With employment of the above configuration, it is possible to supply electric power to various vehicles by selecting two from among the switches SW1 to SW12 and two from the switches SW21 to SW32, setting the selected switches in the on state and setting the other switches in the off state in accordance with the mounting position, size and coil type of the vehicle-side coil.

FIG. 25 is a circuit diagram that shows a second configuration example of a coil selection unit of the power transmitting unit 700. As shown in FIG. 25, the coil selection unit 710B is provided between the coil 701 and the power supply unit 600, and is configured to be able to select any two of the coils and invert the directions of currents respectively flowing through the any two of the coils. The filter circuit 610 shown in FIG. 1 is provided at any one of the power supply unit 600 side or the coils 701 to 706 side; however, the filter circuit 610 is not shown here.

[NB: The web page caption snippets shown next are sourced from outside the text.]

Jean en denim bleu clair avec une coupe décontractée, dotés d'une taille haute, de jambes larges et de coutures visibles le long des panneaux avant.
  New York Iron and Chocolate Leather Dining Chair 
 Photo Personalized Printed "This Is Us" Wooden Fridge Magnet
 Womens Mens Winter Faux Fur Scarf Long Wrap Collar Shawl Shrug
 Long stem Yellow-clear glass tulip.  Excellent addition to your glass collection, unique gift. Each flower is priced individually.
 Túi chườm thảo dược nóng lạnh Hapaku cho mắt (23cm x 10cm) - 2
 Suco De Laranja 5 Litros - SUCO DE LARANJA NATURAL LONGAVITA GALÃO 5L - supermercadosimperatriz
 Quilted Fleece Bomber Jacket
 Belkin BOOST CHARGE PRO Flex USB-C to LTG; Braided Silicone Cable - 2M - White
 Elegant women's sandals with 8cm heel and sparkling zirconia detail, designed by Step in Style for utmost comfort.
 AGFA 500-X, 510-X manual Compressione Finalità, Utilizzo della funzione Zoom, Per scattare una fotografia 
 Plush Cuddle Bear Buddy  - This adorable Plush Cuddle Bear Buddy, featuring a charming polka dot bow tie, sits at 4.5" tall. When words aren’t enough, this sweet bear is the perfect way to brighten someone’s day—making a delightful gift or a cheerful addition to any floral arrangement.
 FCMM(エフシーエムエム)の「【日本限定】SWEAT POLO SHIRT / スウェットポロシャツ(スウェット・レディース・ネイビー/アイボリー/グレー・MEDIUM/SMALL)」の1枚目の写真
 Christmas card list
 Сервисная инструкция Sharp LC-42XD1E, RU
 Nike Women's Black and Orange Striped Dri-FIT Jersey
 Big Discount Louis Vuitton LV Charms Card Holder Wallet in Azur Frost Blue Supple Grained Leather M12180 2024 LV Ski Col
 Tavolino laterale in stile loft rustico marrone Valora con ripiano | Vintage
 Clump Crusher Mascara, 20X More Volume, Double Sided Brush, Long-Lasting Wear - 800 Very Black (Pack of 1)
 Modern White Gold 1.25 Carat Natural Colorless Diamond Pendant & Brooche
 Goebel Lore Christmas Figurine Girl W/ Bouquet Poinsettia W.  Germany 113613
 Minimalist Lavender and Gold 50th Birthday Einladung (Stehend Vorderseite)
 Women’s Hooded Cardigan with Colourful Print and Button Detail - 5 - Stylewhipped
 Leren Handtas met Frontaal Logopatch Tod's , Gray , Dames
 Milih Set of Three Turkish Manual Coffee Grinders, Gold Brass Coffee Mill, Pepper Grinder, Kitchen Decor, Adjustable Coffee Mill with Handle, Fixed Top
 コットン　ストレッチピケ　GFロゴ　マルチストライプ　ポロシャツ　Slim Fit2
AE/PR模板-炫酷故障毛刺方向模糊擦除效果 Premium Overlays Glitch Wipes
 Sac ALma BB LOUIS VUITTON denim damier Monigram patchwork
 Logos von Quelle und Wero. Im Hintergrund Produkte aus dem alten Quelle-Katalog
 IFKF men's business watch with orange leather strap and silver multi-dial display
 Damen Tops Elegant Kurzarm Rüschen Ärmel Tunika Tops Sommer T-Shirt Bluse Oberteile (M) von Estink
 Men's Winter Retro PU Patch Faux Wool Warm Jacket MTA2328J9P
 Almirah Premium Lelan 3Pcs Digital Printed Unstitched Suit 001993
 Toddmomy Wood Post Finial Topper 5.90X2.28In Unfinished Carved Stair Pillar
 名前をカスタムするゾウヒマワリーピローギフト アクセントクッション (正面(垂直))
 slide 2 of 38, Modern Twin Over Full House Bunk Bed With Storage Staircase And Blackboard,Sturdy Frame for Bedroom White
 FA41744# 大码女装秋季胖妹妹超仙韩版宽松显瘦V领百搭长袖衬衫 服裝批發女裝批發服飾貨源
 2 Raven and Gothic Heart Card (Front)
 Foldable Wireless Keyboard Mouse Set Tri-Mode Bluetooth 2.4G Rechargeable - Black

The coil selection unit 710B includes a switch SW51 and a switch SW52. The switch SW51 is used to selectively connect any one of one ends of the coils 701 to 705 to the first power supply line of the power supply unit 600. The switch SW52 is used to selectively connect any one of the other ends of the coils 702 to 706 to the second power supply line of the power supply unit 600.

The coil selection unit 710B further includes switches SW61, SW62, SW63, SW64, SW65, SW66, SW67, SW68, SW69. The switches SW61, SW62 establish a route that connects one end of the coil 701 to the other end of the coil 702. The switches S62, SW63, SW64 establish a route that connects one end of the coil 702 to the other end of the coil 703. The switches S64, SW65, SW66 establish a route that connects one end of the coil 703 to the other end of the coil 704. The switches S66, SW67, SW68 establish a route that connects one end of the coil 704 to the other end of the coil 705. The switch S68, SW69 establish a route that connects one end of the coil 705 to the other end of the coil 706.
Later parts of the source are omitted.